UW-Madison: Novel approaches to Cancer treatment and Influenza detection focus of new Wisconsin Partnership Program Awards

Contact: Anne Pankratz
apankratz2@wisc.edu
(608) 216-5637

Novel approaches to Cancer treatment and Influenza detection focus of new Wisconsin Partnership Program Awards

The Wisconsin Partnership Program at the UW School of Medicine and Public Health has awarded $1.5 million to three multi-disciplinary initiatives aimed at improving health in Wisconsin. Its Collaborative Health Sciences Program awards provide up to $500,000 over three years to University of Wisconsin School of Medicine and Public Health investigators to support novel ideas and new approaches to interdisciplinary research or education benefiting Wisconsin’s residents.

Three awards were made in August, 2016:

The Impact of Dietary Methionine Restriction on Breast Cancer Treatment: Physicians and community partners including breast cancer survivors and advocates, will explore metabolic priming, a novel model for cancer therapy that uses diet to make tumor cells more vulnerable to a cancer drug that activates cell death. The team will explore whether short-term dietary restriction of the essential amino acid methionine can enhance clinical response to this drug in patients with metastatic triple-negative breast cancer (TNBC), a largely incurable disease with few effective treatments. The project, led by Dr. Vincent Cryns, professor of medicine at the UW School of Medicine and Public Health, brings together a multidisciplinary team with broad expertise in cancer biology, clinical trials, nutrition, circulating tumor cells and biostatistics. The novel model has the potential to dramatically improve clinical outcomes in metastatic TNBC by specifically targeting chemotherapy-resistant cancer stem cells that contribute to treatment resistance.

A New Approach to Predicting Patient Response to Cancer Therapies: A new project led by Shigeki Miyamoto, professor of oncology at the UW School of Medicine and Public Health, and a team of basic and clinical scientists addresses one of the fundamental challenges facing clinical management of human cancers: the inability to predict clinical responses of a given patient to different therapy options.

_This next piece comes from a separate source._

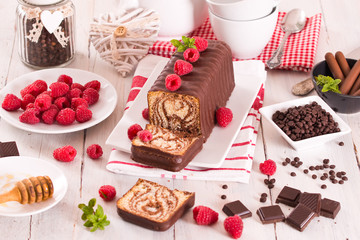 Marble cake with raspberries.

This project aims to develop a completely new approach to predicting individual patient responses to therapies for multiple myeloma, a currently incurable cancer. The primary goal of the project is to begin to construct a new approach to enable large-scale quantitative description of the phenotypic characteristics of cancer cells from individual patients and then develop mathematical models that best predict therapy responses of individual patients to different drug options. The long-term objective of the project is to further develop and optimize the new approach to enable clinical trials, improve clinical care of patients with multiple myeloma and apply the technology to the management of other cancer types.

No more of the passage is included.